Klarifikasi Britney Spears: Pihak Manajemen Sebut Laporan Insiden Pisau di Restoran "Sangat Konyol"
Baca dalam 60 detik
- Manajemen Britney Spears membantah laporan bahwa Britney mengamuk dengan pisau di sebuah restoran.
- Pisau tersebut digunakan hanya untuk memotong hamburger, dan suara keras adalah bagian dari ceritanya tentang anjing.
- Pihak Britney mengecam media karena mencoba mengulang narasi negatif seperti 20 tahun yang lalu.

Perwakilan Britney Spears secara tegas membantah laporan media yang menyebut sang penyanyi berperilaku tidak menentu di sebuah restoran di Sherman Oaks, Los Angeles. Pihak manajemen menyebut tuduhan bahwa Britney membahayakan pengunjung dengan pisau sebagai upaya berlebihan untuk menjatuhkan reputasi sang bintang.
Kronologi & Perbedaan Versi:
- Versi TMZ/Saksi Mata: Britney dilaporkan berteriak, "menggonggong", dan berjalan melewati restoran sambil memegang pisau. Jurnalis Jeff Sneider menyebut suasana saat itu "gila" dan membuat pengunjung ketakutan.
- Versi Manajemen Britney: Britney sedang makan malam tenang bersama asisten dan pengawalnya di Blue Dog Tavern.
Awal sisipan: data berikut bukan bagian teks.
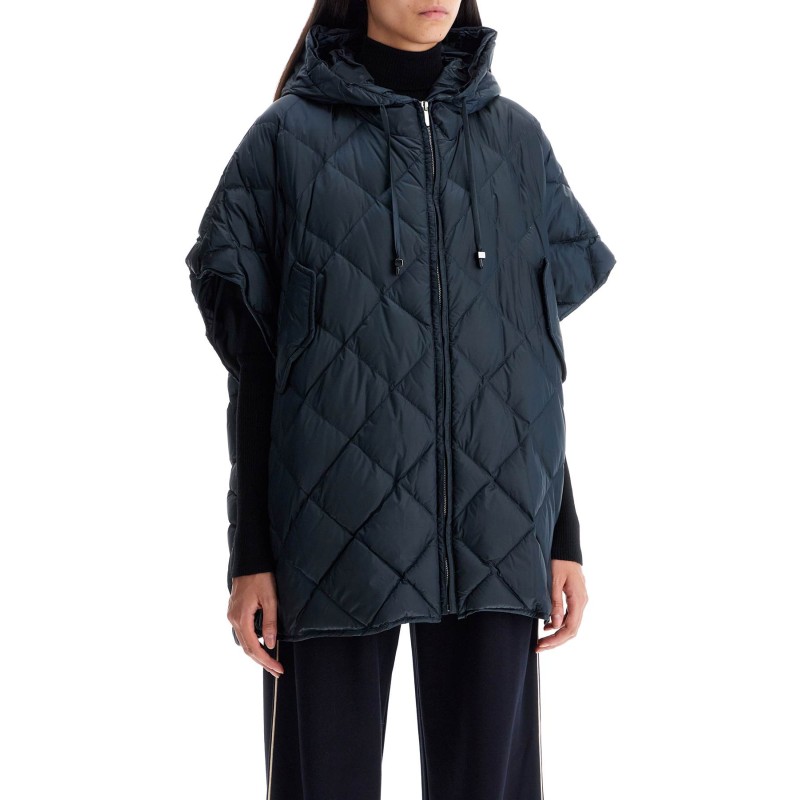 'treman' quilted cape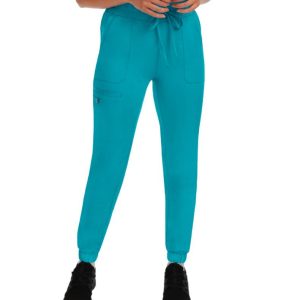 Healing Hands Cuffed Scrub Pants - Teal, Small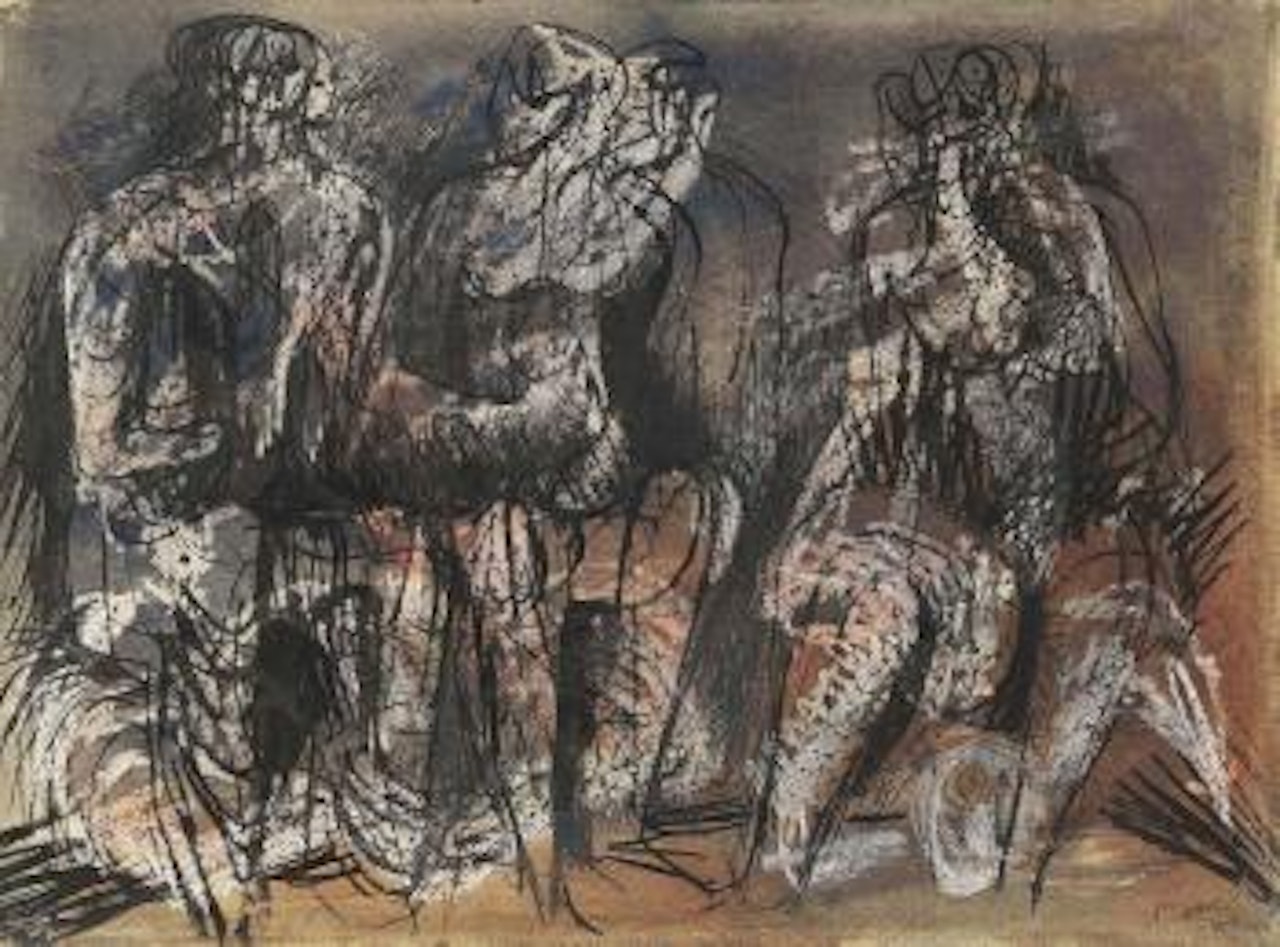 Three Seated Figures: Ideas for Sculpture by Henry Moore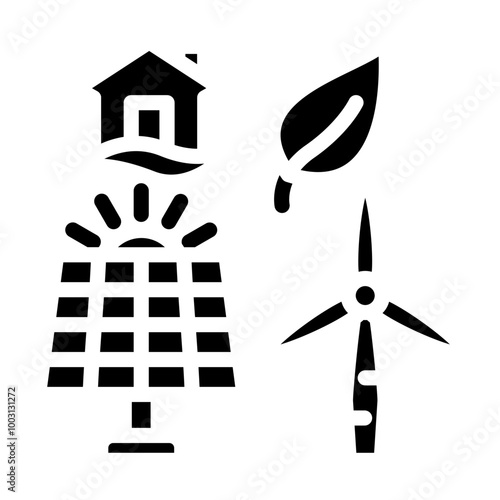 Smart Grid vector icon style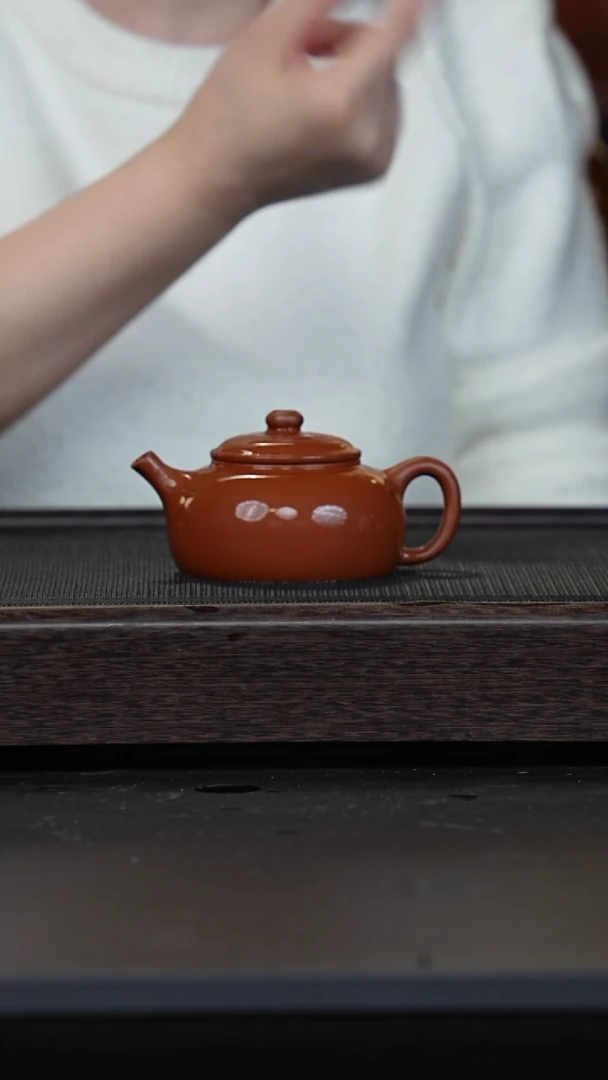 【闪购商品】紫砂茶壶微瑕老紫泥隐圆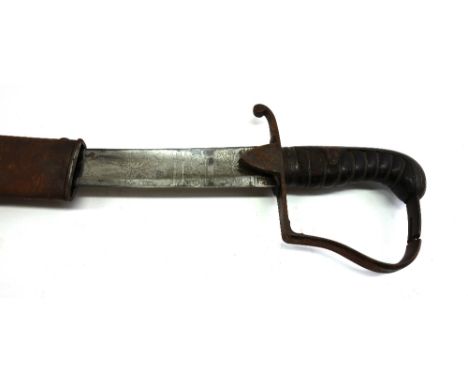 A 1798 Light Cavalry sabre by Thomas Gill, the 83cm blade finely engraved with 'G.R.' cypher, a cavalry man on horseback, and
Suara keras yang terdengar diklaim sebagai cara Britney saat menceritakan kisah tentang anjingnya yang menggonggong pada tetangga.
- Terkait Pisau: Pihak perwakilan menegaskan bahwa Britney hanya memegang pisau untuk memotong hamburgernya menjadi dua, bukan untuk mengancam siapa pun.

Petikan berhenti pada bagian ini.